In an unpredictable twist, however, Cruise himself is
accused of murdering a man he doesn't even know yet. What could this man
possible have done to have angered him so much that he would shoot him?
So Cruise is on the run from his colleagues, and he has to solve the
mystery of why he will kill him, and who set this whole chain of events
in motion. Because in this horrible future, movies are illegal, Cruise
is unable to watch the movie The Fugitive, which would have
answered most of his questions.
Spielberg is a brilliant student of film history, and
what is most impressive about Minority Report is the way that he
mixes and matches references. So the first half of Minority Report
seems a lot like the first half of The Fugitive, but the second
half of Minority Report feels more like the second half of
The Fugitive.
But Spielberg takes the movie in unexpected directions,
by bravely showing us the nightmarish future that awaits all of us. In
the future, all technology is designed with both form and function in
mind. The "function" is whatever the new technology is supposed to do,
like watch people, move people around mostly against their will, torture
them, or make them breed with pre-selected mates. But the form is
equally important, in that it is supposed to scare people as much as
possible. So they could just have floating orbs with cameras do the
surveillance, but instead they have evil robot spiders that move here
and there, and then crawl up people's faces to scan their eyeballs and
to make sure that those with weak hearts don't survive. The "precog"

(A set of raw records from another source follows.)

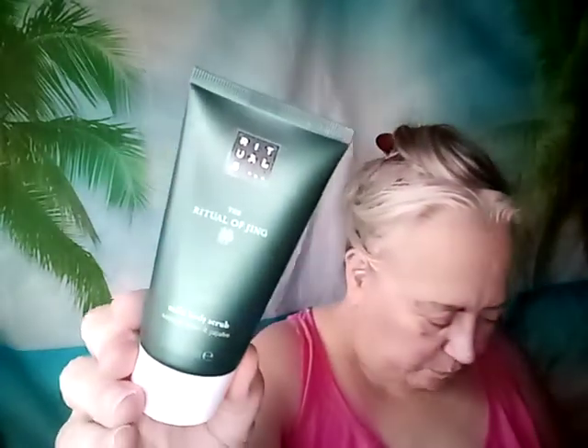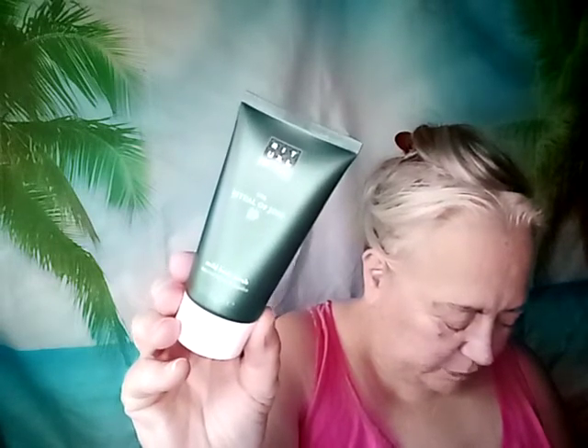Next is the Rituals — The Ritual of Jing Mild Body Scrub. It's an exfoliating body scrub composed of ultrafine bamboo particles in a cream base that removes dead skin cells while giving you a relaxing bathing experience. It's formulated for even the most sensitive skin areas like the neck and cleavage. Massage onto damp skin in circular motions, rinse with warm water, and follow with moisturizer. I'll see if it's too creamy — I might need shower gel after.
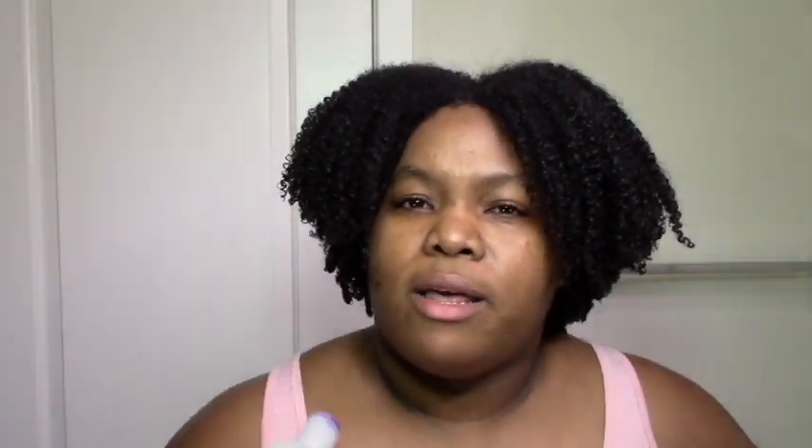If I didn't answer your question, please write it in the comment section below and I will get back to you. I kind of know my way around the APHogee two-minute treatment. Thanks for watching — I hope you enjoyed my little demo and learned more about protein, and that you're less scared about using it. If you're moisturizing, deep conditioning, your hair is hydrated, and you're still seeing breakage, I would suggest giving this a try. If you recently tried it or try it now, definitely comment and let me know how it worked out. Don't forget to like, comment, and subscribe — I'll see you in the next one, bye!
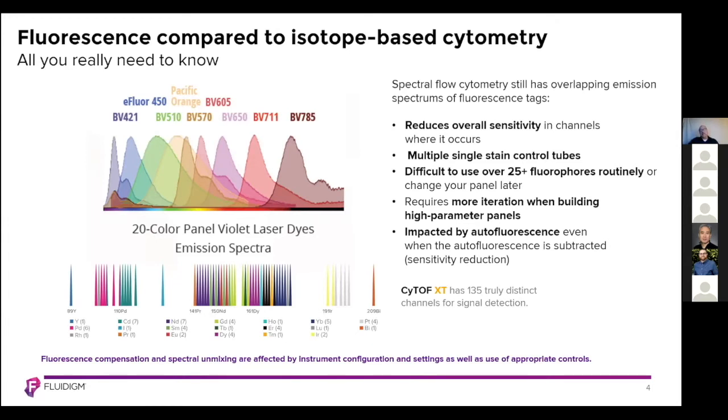In addition, compensation and spectral unmixing is affected by instrument configuration and settings as well as the use of appropriate controls. The CyTOF XT has 135 truly distinct channels for signal detection, which makes building a high-parameter panel quite easy compared with that of flow cytometry. And again, there are no assay-specific optimization or compensation controls needed.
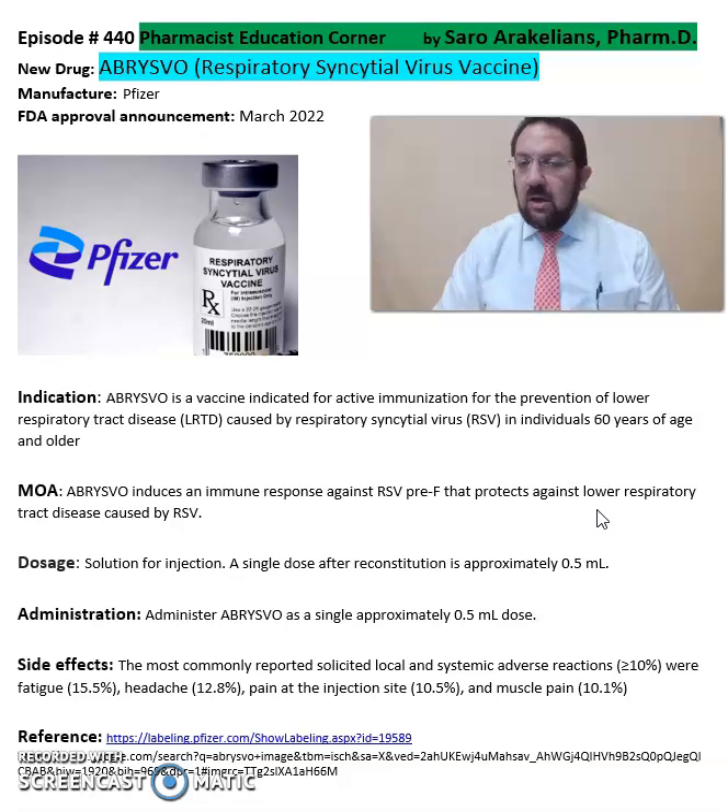This is a summary of information about Abrysvo for respiratory syncytial virus as a vaccine from Pfizer Pharmaceuticals. For more detailed information on this vaccine, refer back to the package insert, which will give you more information on the dosing, administration, and side effects.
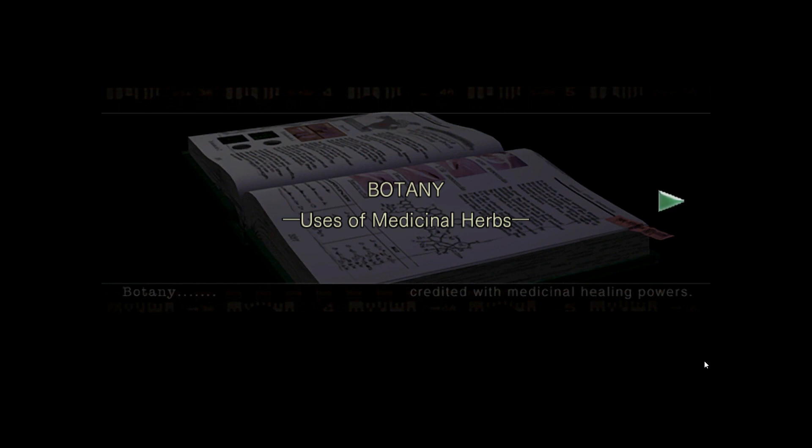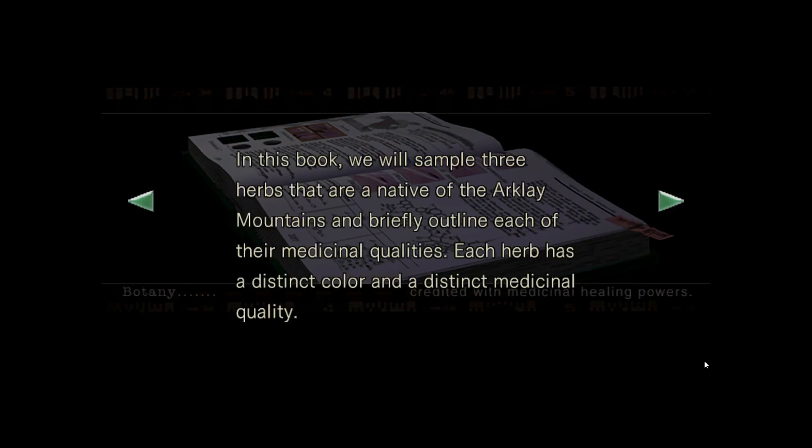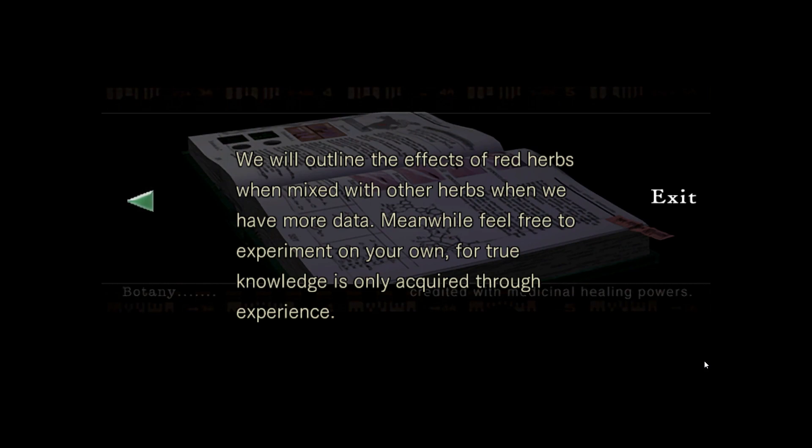Botany: Use of Medicinal Herbs. So well known is the fact that there exist many plants created with medicinal healing powers that since ancient times mankind has been healing wounds and diseases using various plants. In this book we will sample three herbs native to the Alkaline Mountains and briefly outline each of their medicinal qualities. Each herb has a distinct color and distinct medicinal quality: green herb recovers physical strength, blue herb neutralizes natural toxins. However, the red herb has no real effects by itself. We have found that mixing green and red herbs results in a magnificent, magnified effect. We will outline the effects of red herbs when mixed with other herbs when we have more data. Meanwhile, feel free to experiment on your own, for true knowledge is only acquired through experience.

mystics who see the future could have just sat in a cafe, drinking latte
and talking to each other about murders, but it's far scarier to have
them in a communal syrup solution that makes them all miserable. Toilet
seats in the future randomly send intense electrical jolts through
people's bowels. Water glasses are deliberately made to shatter in
people's mouths. Jukeboxes will occasionally ignore people's selections
and instead play "Wind Beneath My Wings" over and over and over again. I
have seen the future, and I have just wet my pants. In fear, rather than
my occasional incontinence.
None of this would work if if Spielberg didn't have such
superb actors at his disposal. Tom Cruise is brilliant as Tom Cruise, a
once-in-a-lifetime role that I think no one else could have played. As
the
so-obviously-evil-that-he-must-be-the-villain-unless-the-screenwriters-have-a-trick-up-their-sleeve
Department of Justice agent, Colin Farrell is chilling but devilishly
charming with his light goatee. As Cruise's boss, Max Von Sydow has his
best role since The Seventh Seal, especially the moment when he
deliberately loses a game of chess with Death to rescue Cruise, his
young wife, and their missing son. And, in the most delightful surprise
of an endlessly surprising movie, Andy Kaufman and Carol Kane are
wonderful as Latka and Simka, the zany European couple who give Cruise
an eye transplant.
So, the big question is, is Minority Report as
good as Hook, generally regarded as Steven Spielberg's finest
motion picture? I'm going to go out on a limb and say, it's equally
good. But in some ways, it's even more impressive, because it shows the
return of Spielberg to his true form. As I pointed out in my review of
, I loved
it, but it made me just a little angry that Spielberg decided to make a
movie that made me feel a little uncomfortable at the end. But when I
watched the last half-hour of Minority Report, I was thrilled.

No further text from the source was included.